ASCI happily keeps quoting the guidelines but never do they shed light on how the guidelines are being enforced. A lot of verbiage is put out to give the impression that lots is being done! While in real life, these are the very clauses that are being willfully circumvented.
- The IPL broadcaster for TV has confirmed to ASCI that all advertisements are checked for CBFC clearance so that they are not in violation of the Cable TV and Network Act.
Oops! What a fantastic escape! So Star TV now is the source of certification for goodness to the very brands that are enriching it!!!
No one perhaps told the jury at ASCI that the CBFC certification is just one more requirement in the check list; not a license to broadcast. It is the ASCI’s job still to adjudge conformity to the guidelines. The CBFC does not do that. It merely looks at objectionable content. It does not adjudicate on objectionable intent!

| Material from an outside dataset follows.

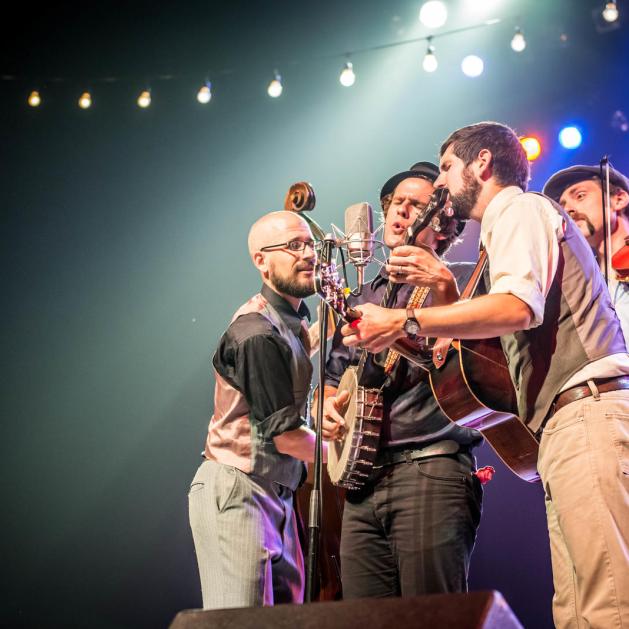 The Steel Wheels in concert in Arkansas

The Cable Television Networks (Regulation) Act, 1995, Rule 7(2)(viii) clearly prohibits the direct or indirect promotion and advertisement of & cigarettes, tobacco products, wine, alcohol, liquor or other intoxicants and where in the advertisement are not to use particular colors and layout or presentations associated with the prohibited products. All the advertised liquor brands are using their brand logos. That is what the ASCI was supposed to prevent. Not just say that a CBFC certificate exists. What a con!
ASCI has said in the past that ‘we are being extra vigilant because the IPL is one of the biggest marketing platforms’ … Oh, is that so? The IPL is starting one more time. It is a good time to display good intent and good action by ASCI. I hope they don’t dispooint one more time.
The simplest solution to all this, though, is to legally allow liquor companies to advertise without any covenants. If liquor retailing is now fully allowed, why bar the advertising. I personally have no issue with that. But as long as the surrogates hoodwink the law of the land, ASCI has to do its job.